O curioso é que essas pessoas que assim pensam estão duplamente equivocadas. Não apenas estão partindo para uma conclusão preconceituosa (porque é uma generalização desinformada), mas estão abordando o problema pelo lado errado: política não se faz de cima para baixo. É perfeitamente justificável a sensação de que nós não temos nenhum tipo de controle sobre o que pensam e fazem os políticos nas altas esferas do poder. Mas eles não chegaram lá de paraquedas, eles passaram por um longo processo, que muitas vezes começou numa candidatura à vereança em sua cidade. E é nesse momento que a política distante se torna próxima que vemos, com maior vergonha, o quanto as mesmas pessoas ignorantes são também desonestas.
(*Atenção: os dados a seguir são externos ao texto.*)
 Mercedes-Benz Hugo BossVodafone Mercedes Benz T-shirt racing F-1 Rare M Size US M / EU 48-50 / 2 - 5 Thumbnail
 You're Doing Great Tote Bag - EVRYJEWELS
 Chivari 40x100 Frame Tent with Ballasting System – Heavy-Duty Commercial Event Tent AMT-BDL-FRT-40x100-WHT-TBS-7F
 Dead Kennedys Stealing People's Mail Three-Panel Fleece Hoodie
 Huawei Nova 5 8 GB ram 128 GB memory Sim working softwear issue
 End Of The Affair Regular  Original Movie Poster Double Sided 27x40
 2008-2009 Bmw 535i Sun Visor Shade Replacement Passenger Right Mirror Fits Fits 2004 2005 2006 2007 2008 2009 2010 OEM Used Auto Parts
Safado é povo, não o político. O político é safado porque ele é parte do povo. Talvez se os nossos políticos fossem estrangeiros eles fossem menos safados (ou mais). Mas como eles são brasileiros como nós, eles são tão safados quanto somos, na média.
Safado é o eleitor que vende seu voto em troca de cimento, de um emprego, de gasolina, de um par de tênis ou de dinheiro. Quem prostitui a sua opinião em troca de vantagens imediatas (tal qual o macaco da fábula, que vende a cauda por um pão) não tem moral para acusar os nosso políticos de coisa alguma.
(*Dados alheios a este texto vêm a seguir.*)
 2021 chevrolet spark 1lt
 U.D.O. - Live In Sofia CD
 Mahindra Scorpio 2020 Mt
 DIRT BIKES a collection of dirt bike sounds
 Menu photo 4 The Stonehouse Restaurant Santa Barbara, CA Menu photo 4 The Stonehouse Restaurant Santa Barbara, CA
Safado é o eleitor que se orgulha de ser parte do curral eleitoral de um político: «aqui no bairro tal a gente vota é no fulano», ou «sicrano é o candidato da cidade X». Abdicando da própria opinião e aceitando ser levado no cabresto (como burro que é), esse eleitor vai reclamar do que?
Essas coisas que eu disse acima não são filosofias profundas, dignas de um Nietzsche, de um Schopenhauer ou de um Espinoza. São coisas simples e claras que para concluir basta você pensar com calma e somar dois com dois. No entanto elas serão incompreendidas e rechaçadas. A transparência do raciocínio será rejeitada pela oposição do conteúdo ao que é confortável ao leitor. «Eu fiz isso, diz minha memória. Eu não posso ter feito isso, diz meu orgulho. Por fim a memória cede».
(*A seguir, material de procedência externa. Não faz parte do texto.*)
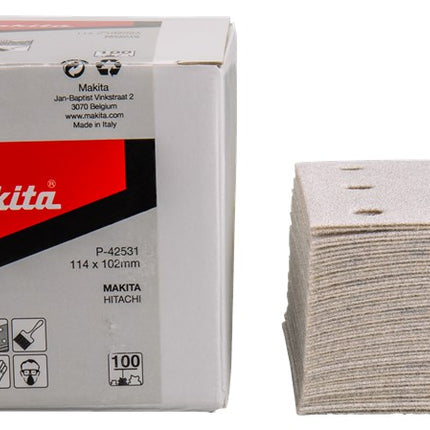 Makita Schuurvel K100 114X102 WH – P-42531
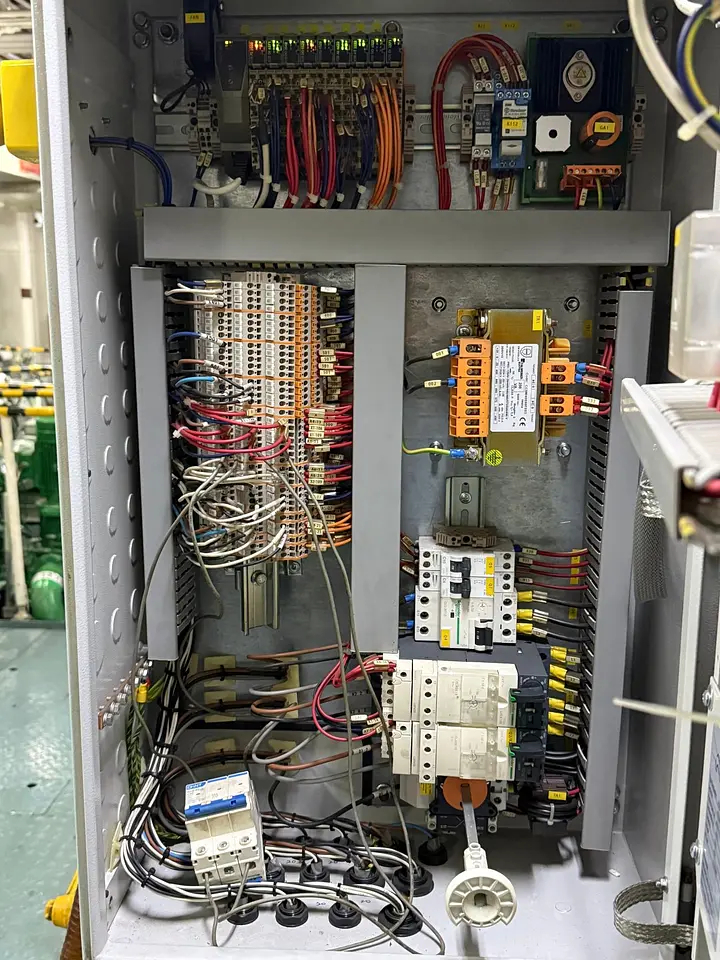 Alfa Laval Fuel & Lube Oil Purifier Restoration, photo 8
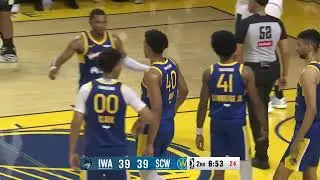 Jacksen Moni Career-High Night || Santa Cruz Warriors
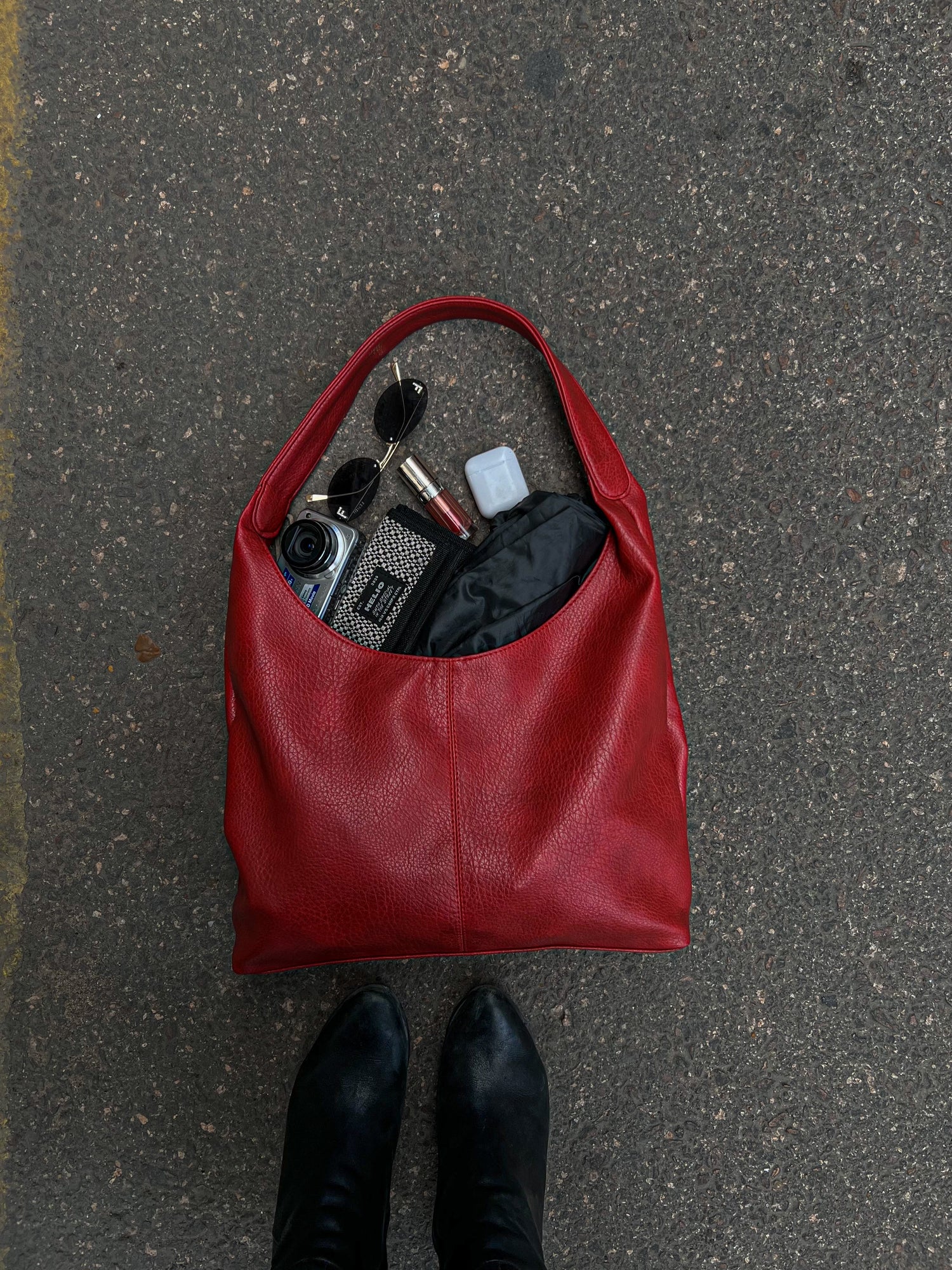 Helio Hobo leather bag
Por isso estas palavras que disse são para todos e para ninguém. São para todos porque qualquer um que saiba ler as lerá e compreenderá. Para ninguém porque com elas não ganharei nenhum seguidor no blogue, não farei nenhum amigo, não receberei sequer um elogio, não mudarei a postura de um eleitor sequer. O ser humano nunca muda, de fato: apenas se torna, cada vez mais, aquilo que é. A única mudança possível é a que se faz nas gerações futuras, através da educação de nossos filhos. Esta é a tragédia da humanidade: os estúpidos têm mais filhos e têm mais tempo para ensinar.